## Work item
Before printing the listing, strip out its pictures and keep everything else exact.

## Data under study
*** Block opens ***

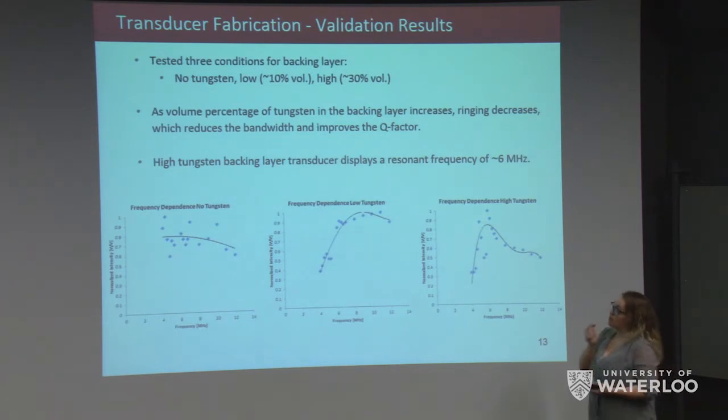For fabrication, we tested three backing layer conditions: no tungsten, low tungsten (approximately 10% volume ratio), and high tungsten (approximately 30% volume ratio). We observed that increasing the tungsten volume in the backing layer decreases ringing in the piezoelectric element, reducing bandwidth and improving the Q factor. The high tungsten condition was optimal; we couldn't exceed 30% because the mixture would become conductive. Our high tungsten backing layer transducer displayed a resonant frequency around 6 MHz.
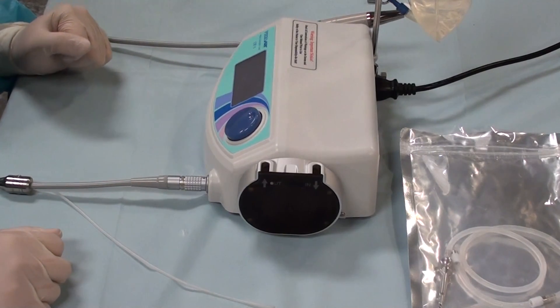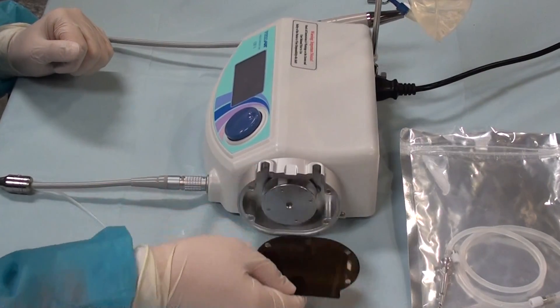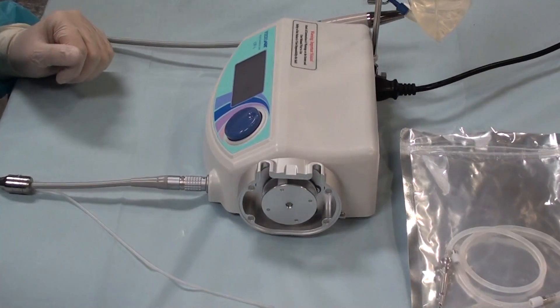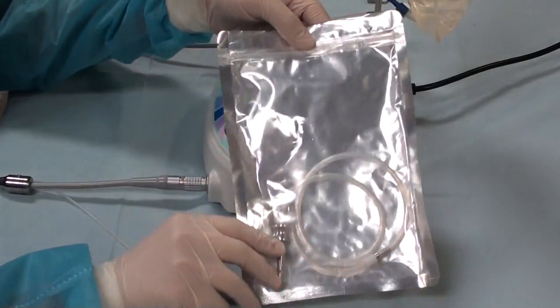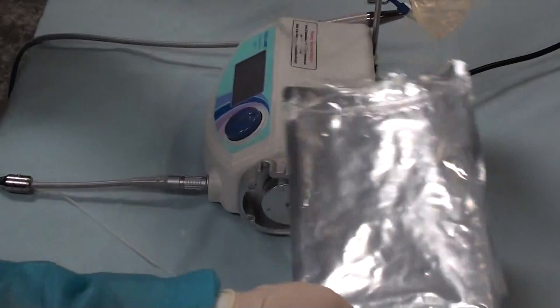We're going to be installing the auto-clavable tubing into the new pump housing unit. Start off by taking off the magnetic cover and setting it aside. Then get your bag with your auto-clavable tubing, open it up, and remove the contents.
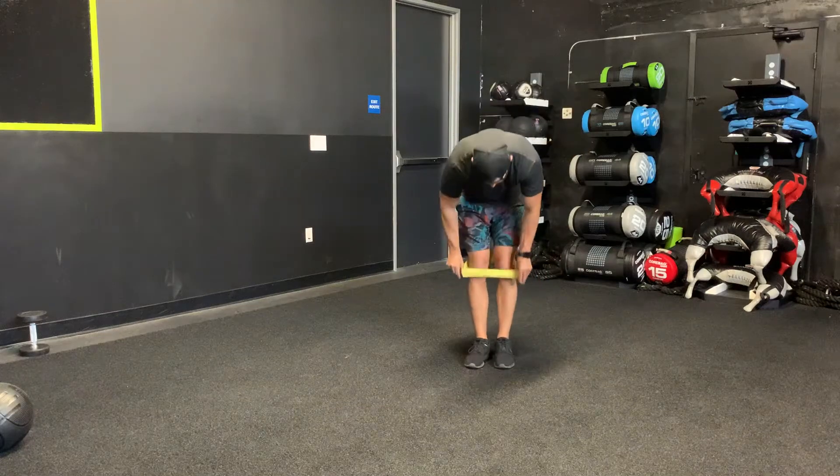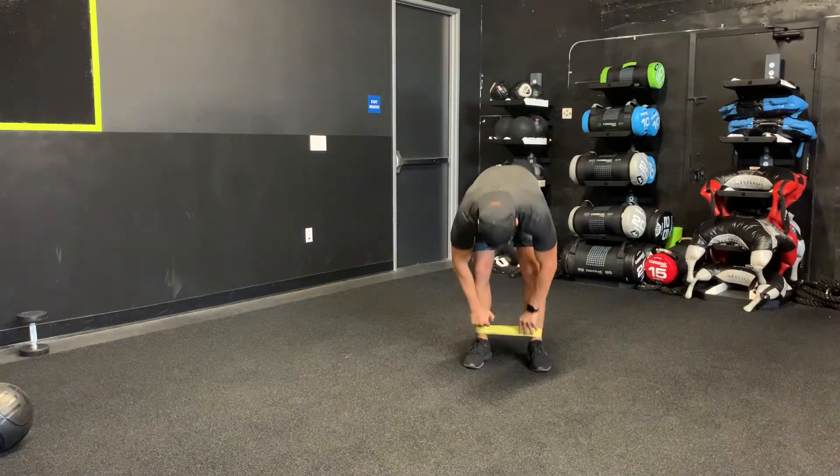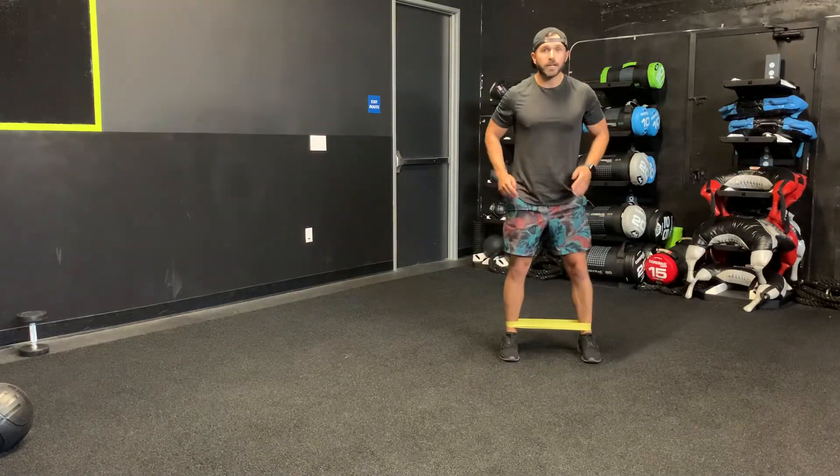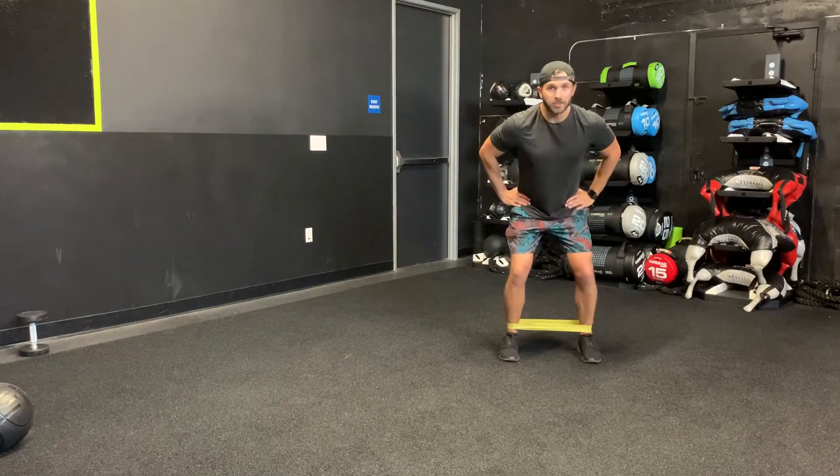Lateral walk. You're gonna take your mini band right above your ankles. Make sure there's tension on the band the entire time. Toes are straight. Small swipe, put your hands on your hips.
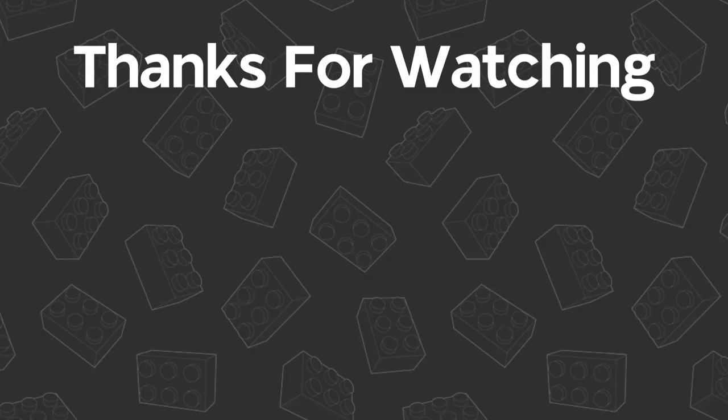So what do you guys think of this set? If you like this video give it a thumbs up. Please consider subscribing for videos like this as well as other Lego videos, and I'll see you in the next video.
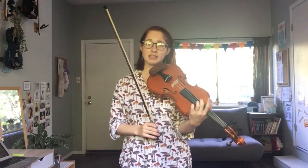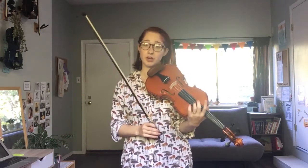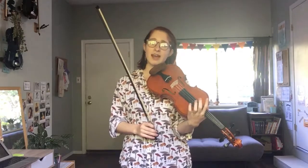We're going to look for the ringing tones especially, which is when you place a finger down and it has the same name as an open string. For example, three on D is named G, and then we have sympathetic vibrations from the open G string.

*** Block closes ***

## Written solution
For fabrication, we tested three backing layer conditions: no tungsten, low tungsten (approximately 10% volume ratio), and high tungsten (approximately 30% volume ratio). We observed that increasing the tungsten volume in the backing layer decreases ringing in the piezoelectric element, reducing bandwidth and improving the Q factor. The high tungsten condition was optimal; we couldn't exceed 30% because the mixture would become conductive. Our high tungsten backing layer transducer displayed a resonant frequency around 6 MHz.
We're going to be installing the auto-clavable tubing into the new pump housing unit. Start off by taking off the magnetic cover and setting it aside. Then get your bag with your auto-clavable tubing, open it up, and remove the contents.
Lateral walk. You're gonna take your mini band right above your ankles. Make sure there's tension on the band the entire time. Toes are straight. Small swipe, put your hands on your hips.
So what do you guys think of this set? If you like this video give it a thumbs up. Please consider subscribing for videos like this as well as other Lego videos, and I'll see you in the next video.
We're going to look for the ringing tones especially, which is when you place a finger down and it has the same name as an open string. For example, three on D is named G, and then we have sympathetic vibrations from the open G string.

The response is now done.